I just discovered why so many “agentic AI” demos look magical in public… and quietly fall apart in real work.
The truth is uncomfortable.
But it’s fixable.

Most teams treat AI agents like static apps.
You hook up tools, connect a few APIs, ship a demo, and hope it generalizes.
It doesn’t.

Real work is messy.
Tools fail.
Search results drift.
Plans break halfway through.
Yet most agents never learn from any of this.

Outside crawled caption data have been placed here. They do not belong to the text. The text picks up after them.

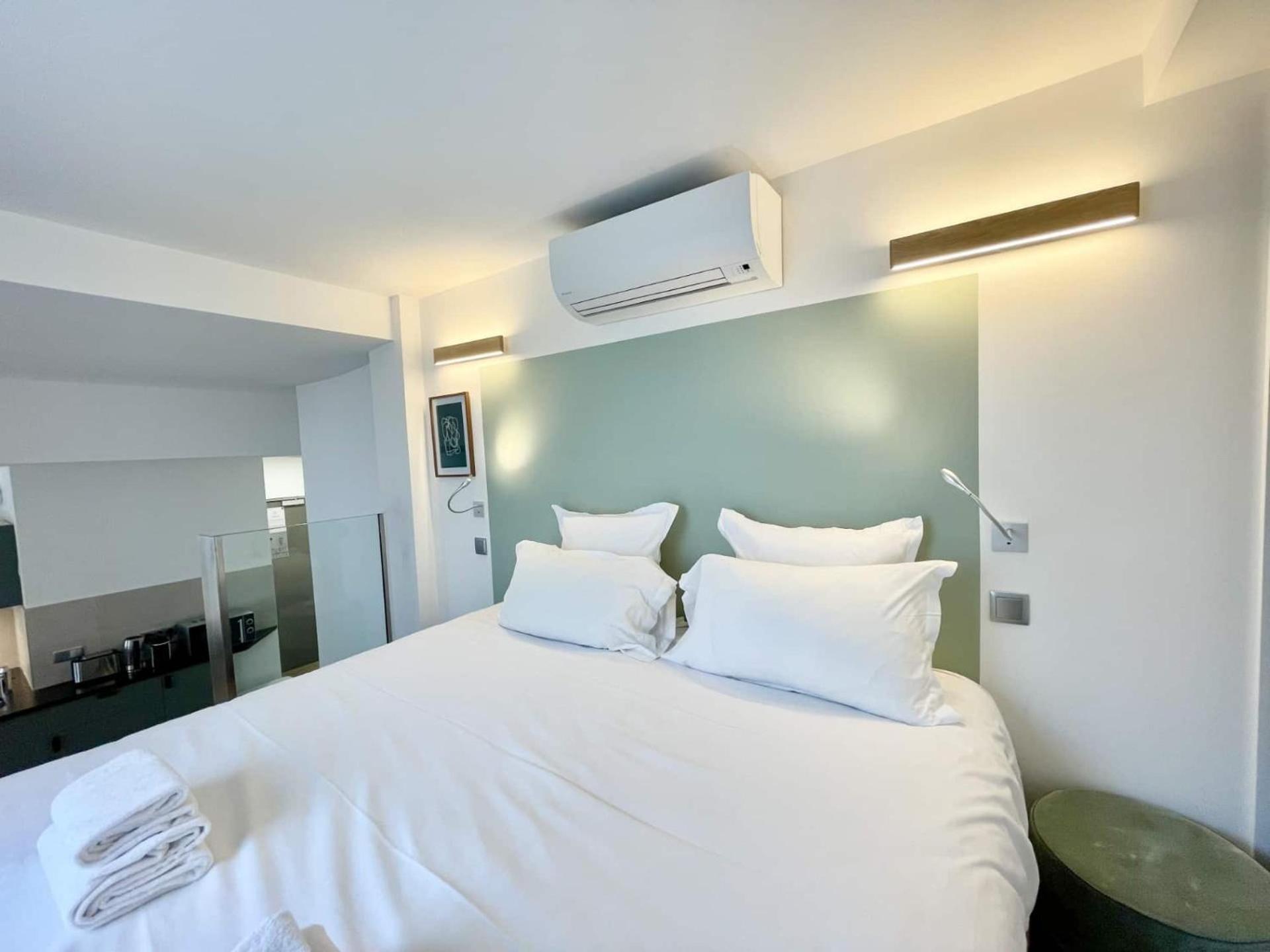 Parisian L Montmartre * Paris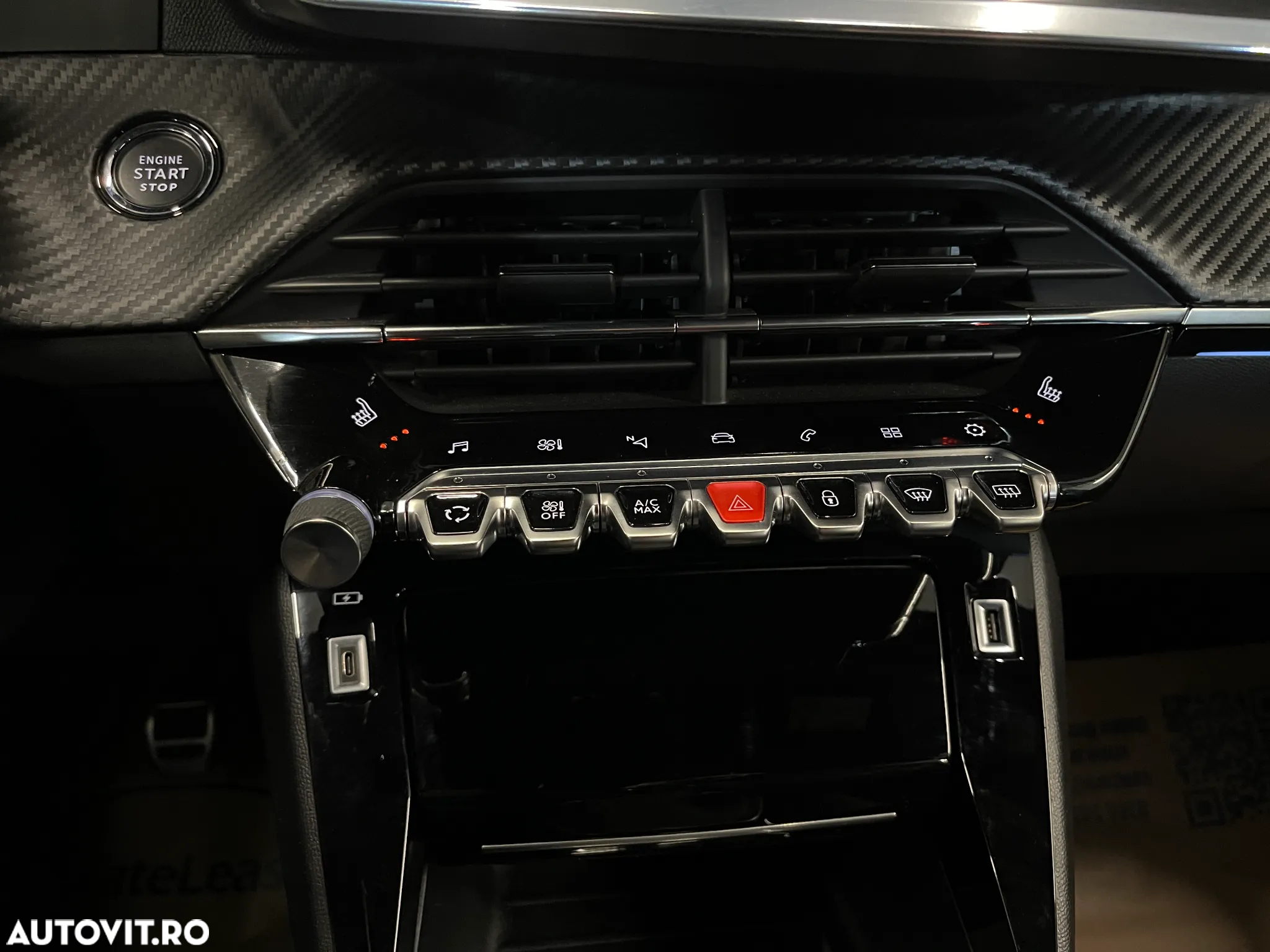 Peugeot 2008 1.2 PureTech BVM6 STT GT - 25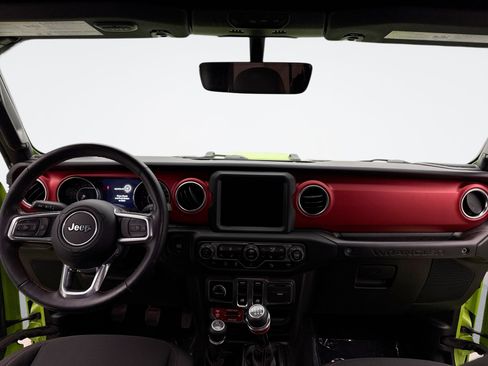 Used 2021 Jeep Wrangler Rubicon image 14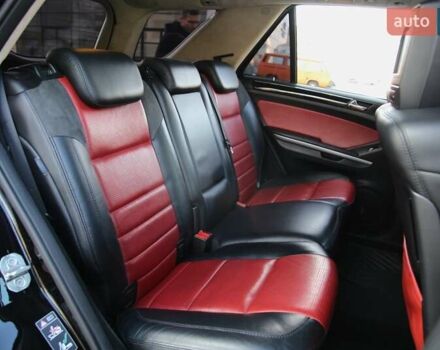 Чорний Мерседес М-Клас, об'ємом двигуна 6.21 л та пробігом 237 тис. км за 11500 $, фото 8 на Automoto.ua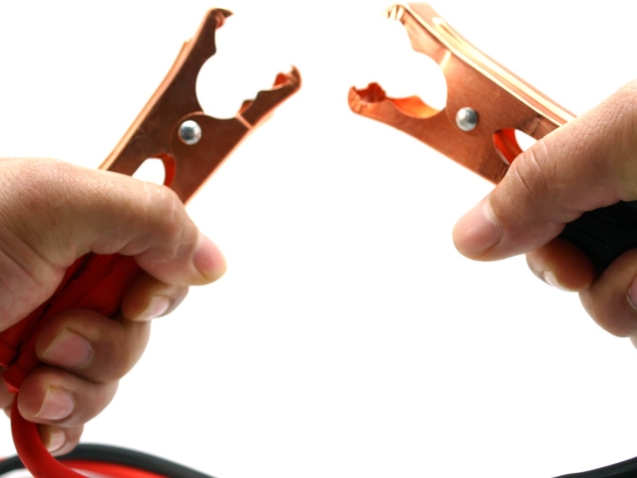 stockvault-jumper-cables-and-hand119801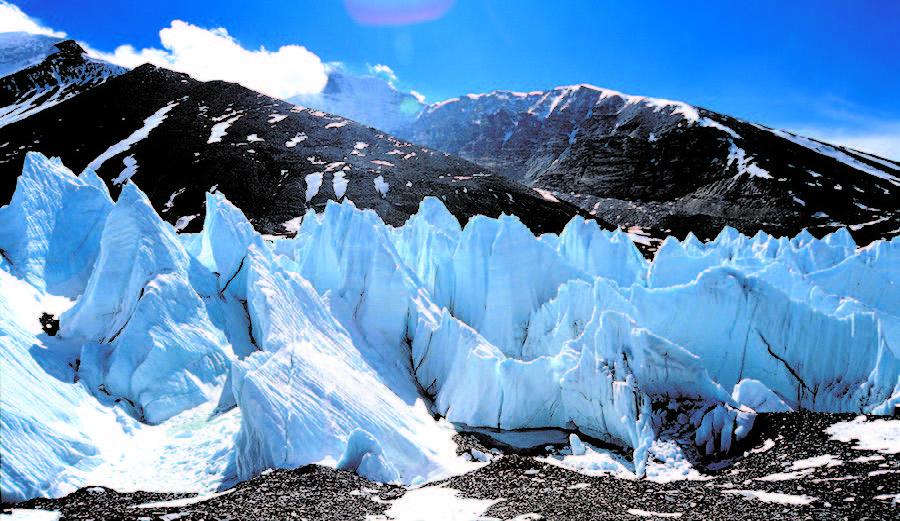 EVEREST GLACIERS MAY DISAPPEAR BY 2100 IMAGE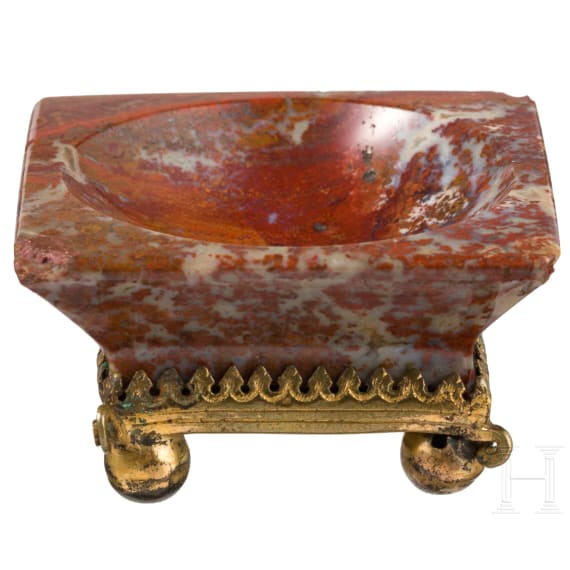 Feine Marmorschale in vergoldeter Bronzemontur, Italien, 19. Jhdt.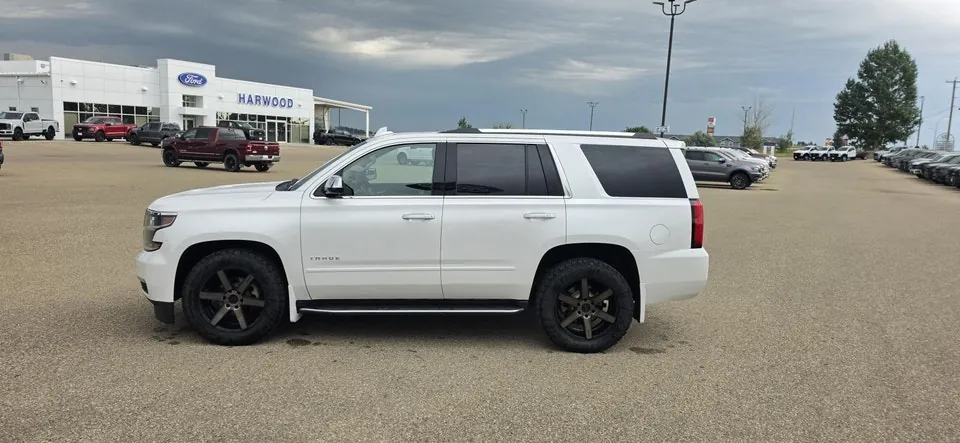 Chevrolet Tahoe 2019 photo 2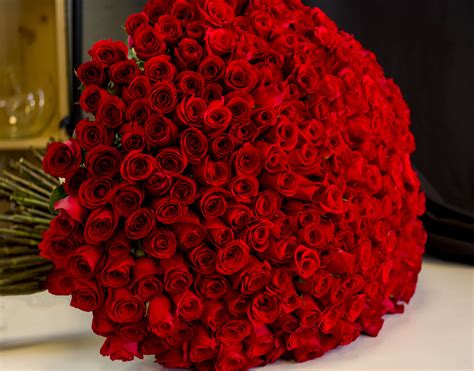 Send 300 Red Roses Bouquet in Pune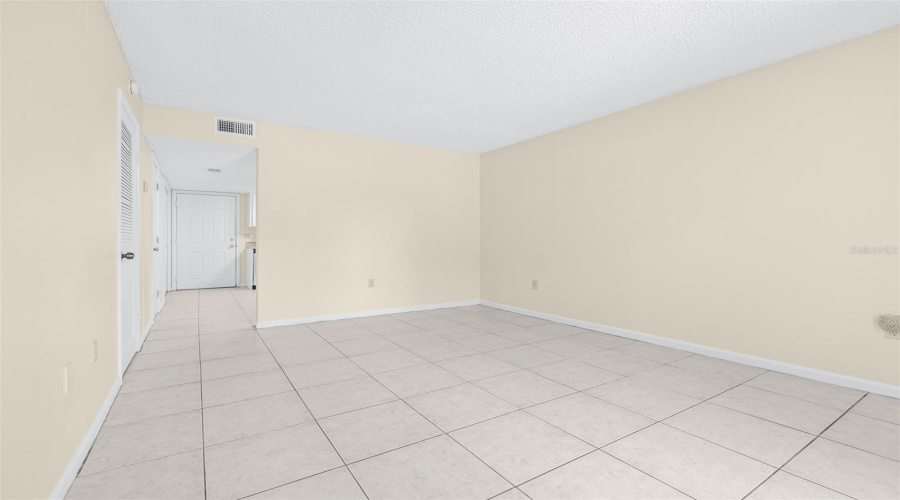 Lakeland, Florida 33801, 2 Bedroom Bedrooms, ,1 Bathroombathrooms,Residential,For Sale,Morgan Combee,0,Mfrl4963162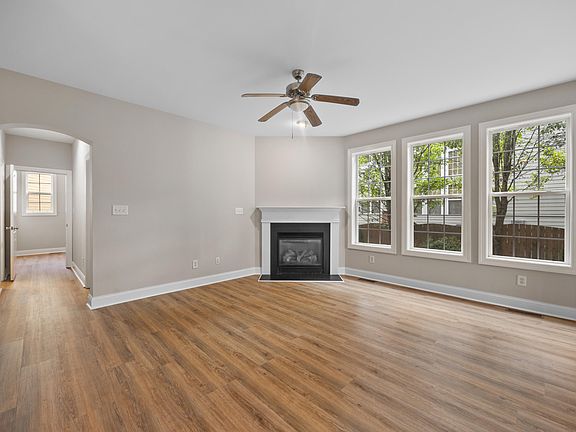 5th image of 120 Hatchet Creek Ct
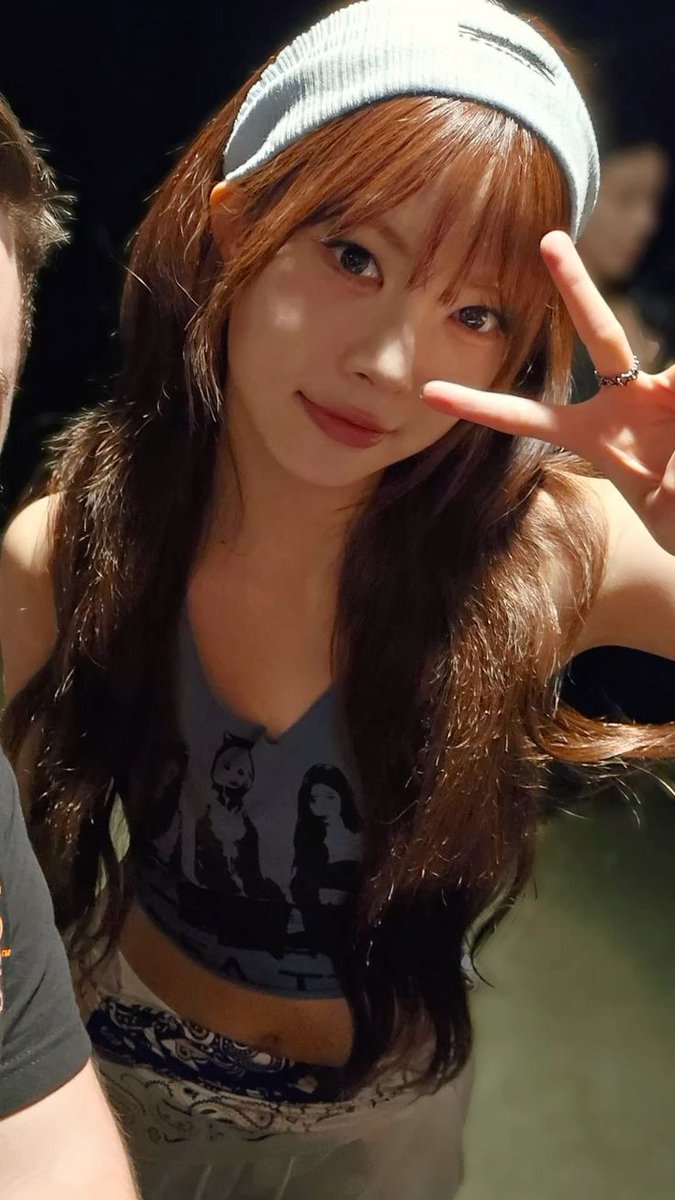 eunchae pics tweet media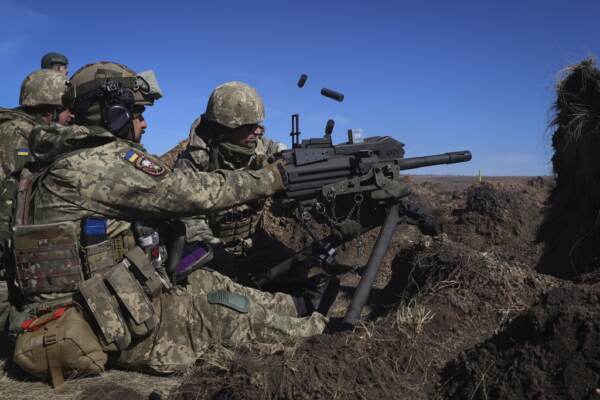 Ucraina, Pechino a Kiev: “Riprendere colloqui di pace con Russia”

They only get judged on the final answer.
So the system stays blind to where things actually went wrong.
Planning? Retrieval? Tool choice? Memory? No signal, no improvement.

I recently saw a research framework that changed how I think about this.
The best agentic systems are not just “prompted” once.
They are continuously trained on the entire lifecycle of a task.

↓ A simple way to think about it:
↳ Treat tool calls as training data: log successes, failures, and slow paths.
↳ Score final outputs: was the business task actually completed?
↳ Tune retrievers, planners, and memory as separate, living components.
↳ Close the loop weekly: update what the agent attends to and how it acts.

This turns your agent from a fragile demo into a learning workflow.
The system stops guessing and starts adapting.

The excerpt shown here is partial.